[Dataset section Boundary: Start]
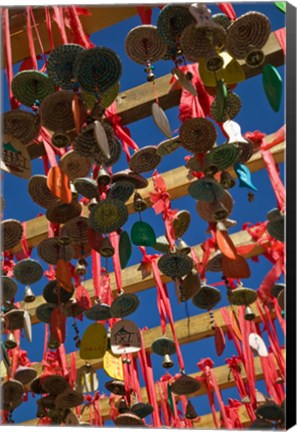 Framed Buddhist prayer wishes (Ema) hanging at Jade Dragon Snow Mountain Scenic Area, Lijiang, Yunnan Province, China Print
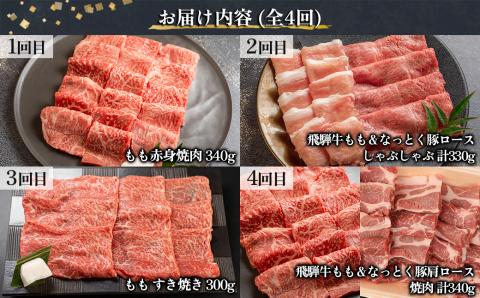 【定期便 4回】 飛騨牛 ＆ なっとく豚 定期便 4回 牛肉 / 豚肉 食べ比べ (焼肉 / すき焼き / しゃぶしゃぶ / 豚しゃぶ) 下呂温泉 おすすめ ブランド牛 赤身 霜降り【tc1】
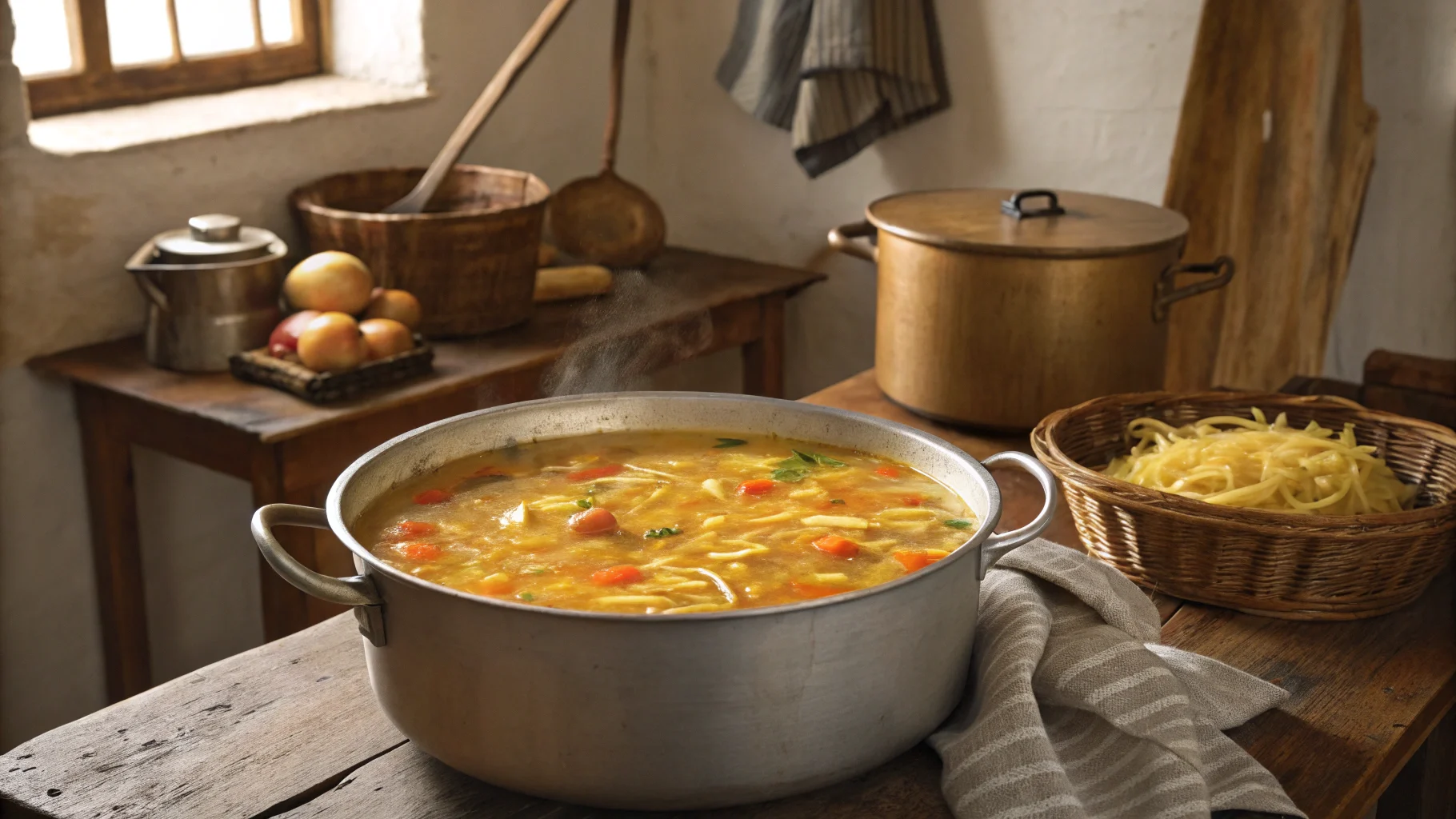 Village soup simmering on a stovetop.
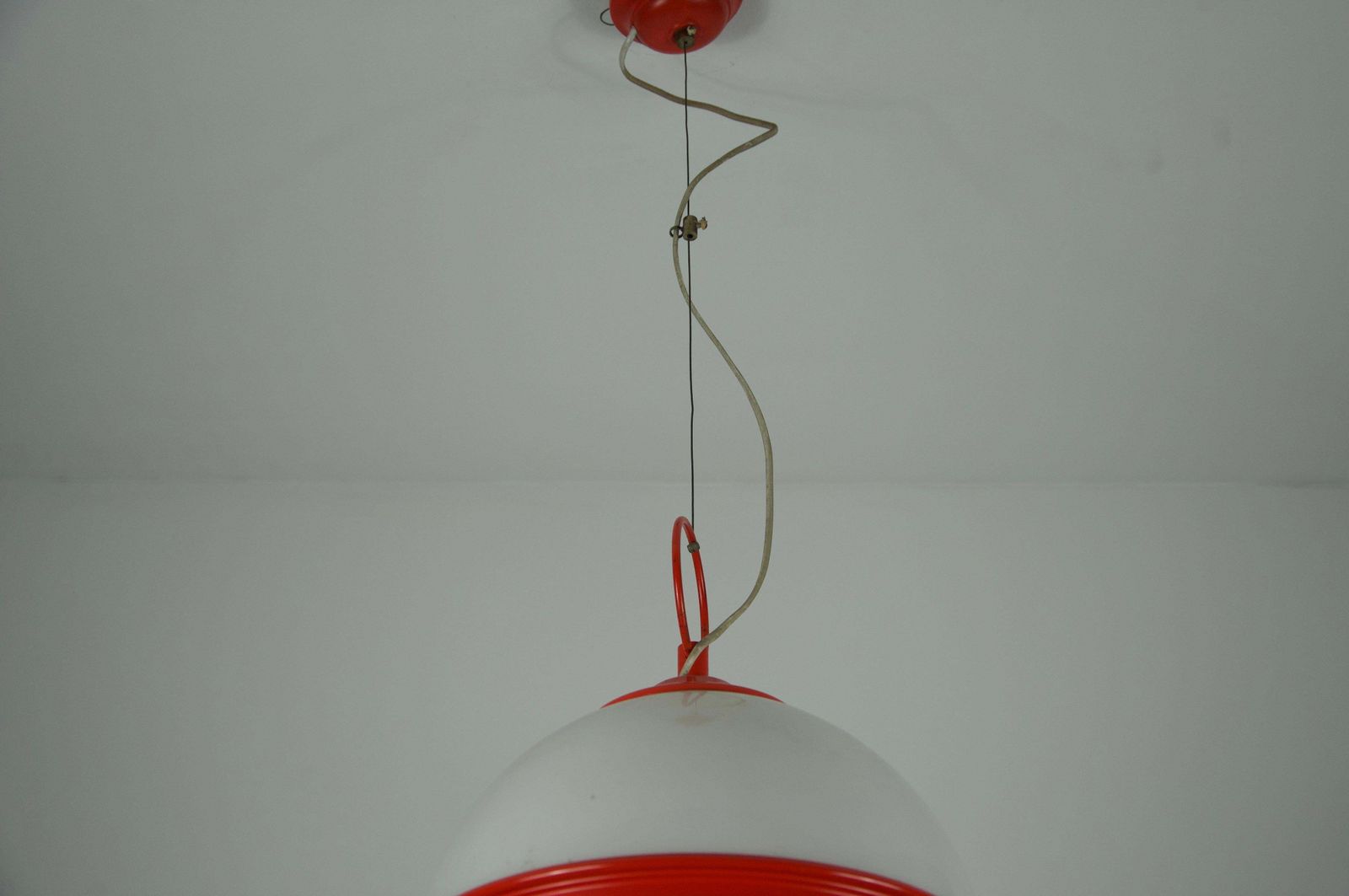 1322.0 Mid Century Red Metal And Opal Glass Ceiling Lamp, Italy, 1960s photo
[Dataset section Boundary: End]
» **Goal of the exercise**
Give exactly those lines of the listing that run from its first line through the line with "Village soup simmering on a stovetop.", leaving each picture out.

» **Response**
 Framed Buddhist prayer wishes (Ema) hanging at Jade Dragon Snow Mountain Scenic Area, Lijiang, Yunnan Province, China Print
 【定期便 4回】 飛騨牛 ＆ なっとく豚 定期便 4回 牛肉 / 豚肉 食べ比べ (焼肉 / すき焼き / しゃぶしゃぶ / 豚しゃぶ) 下呂温泉 おすすめ ブランド牛 赤身 霜降り【tc1】
 Village soup simmering on a stovetop.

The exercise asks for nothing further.